E-OSched: a load balancing scheduler for heterogeneous multicores

The contemporary multicore era has adhered to the heterogeneous computing devices as one of the proficient platforms to execute compute-intensive applications. These heterogeneous devices are based on CPUs and GPUs. OpenCL is deemed as one of the industry standards to program heterogeneous machines. The conventional application scheduling mechanisms allocate most of the applications to GPUs while leaving CPU device underutilized. This underutilization of slower devices (such as CPU) often originates the sub-optimal performance of data-parallel applications in terms of load balance, execution time, and throughput. Moreover, multiple scheduled applications on a heterogeneous system further aggravate the problem of performance inefficiency.
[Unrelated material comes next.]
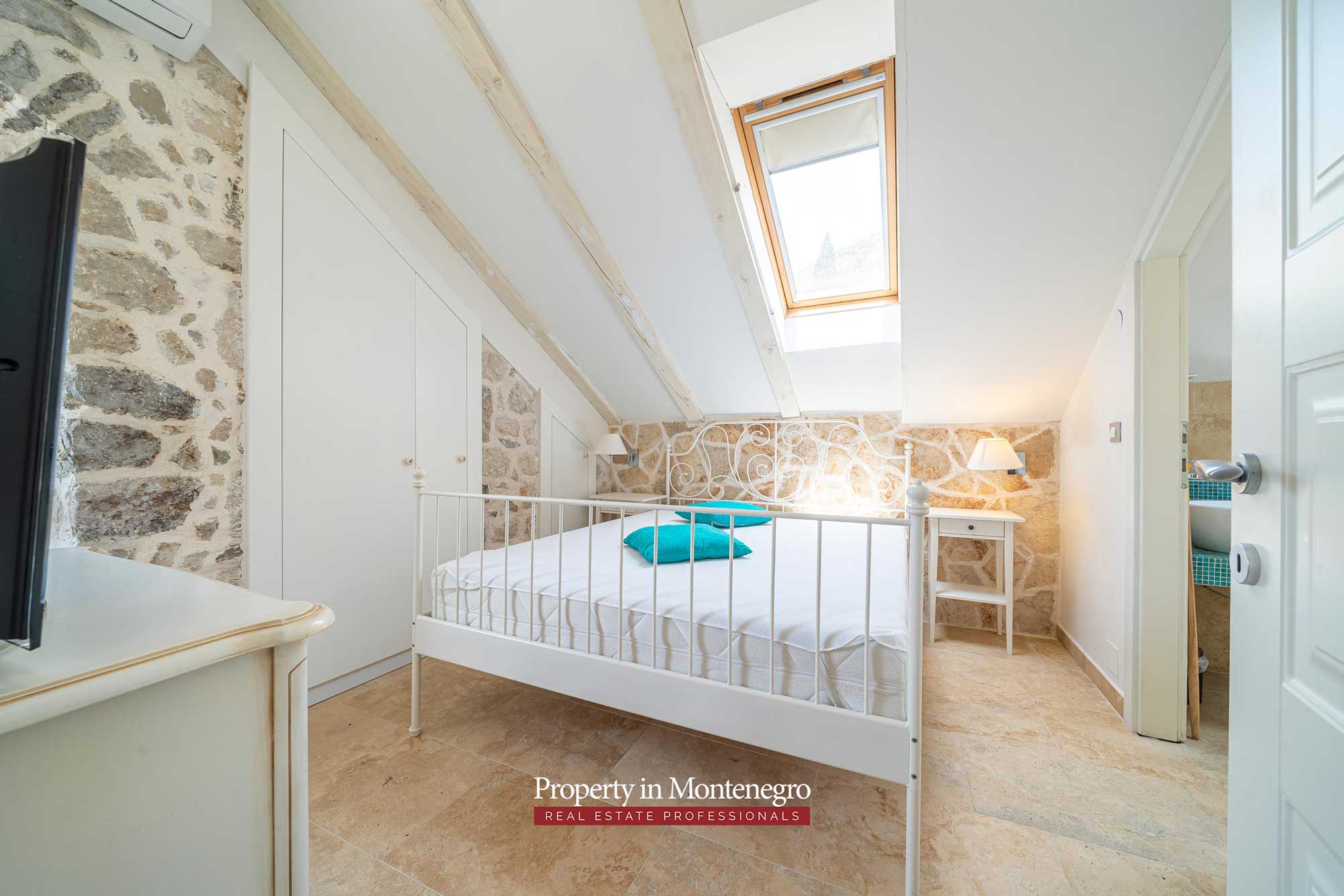 Waterfront stone house for sale in Perast 53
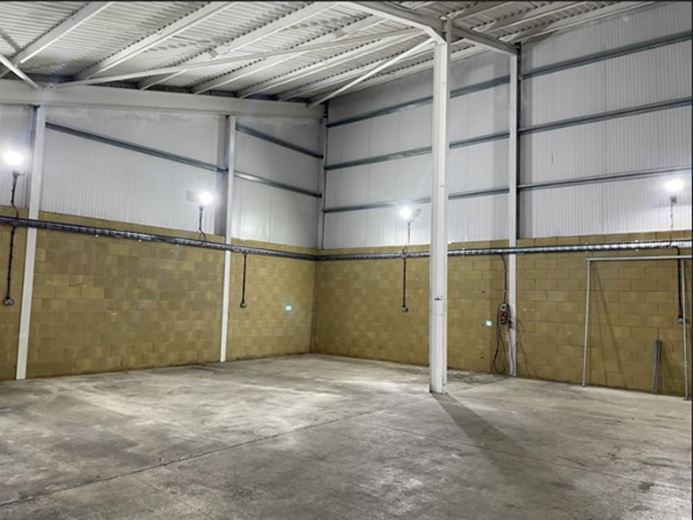 3,043 Sq Ft , Unit 15, Home Farm Dairy Buildings SN8 - Available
This paper is an attempt to evade the aforementioned deficiencies via initiating a novel scheduling strategy named OSched. An enhancement to the OSched named E-OSched is also part of this study. The OSched performs the resource-aware assignment of jobs to both CPUs and GPUs while ensuring a balanced load. The load balancing is achieved via contemplation on computational requirements of jobs and computing potential of a device. The load-balanced execution is beneficiary in terms of lower execution time, higher throughput, and improved utilization. The E-OSched reduces the magnitude of the main memory contention during concurrent job execution phase. The mathematical model of the proposed algorithms is evaluated by comparison of simulation results with different state-of-the-art scheduling heuristics. The results revealed that the proposed E-OSched has performed significantly well than the state-of-the-art scheduling heuristics by obtaining up to 8.09% improved execution time and up to 7.07% better throughput.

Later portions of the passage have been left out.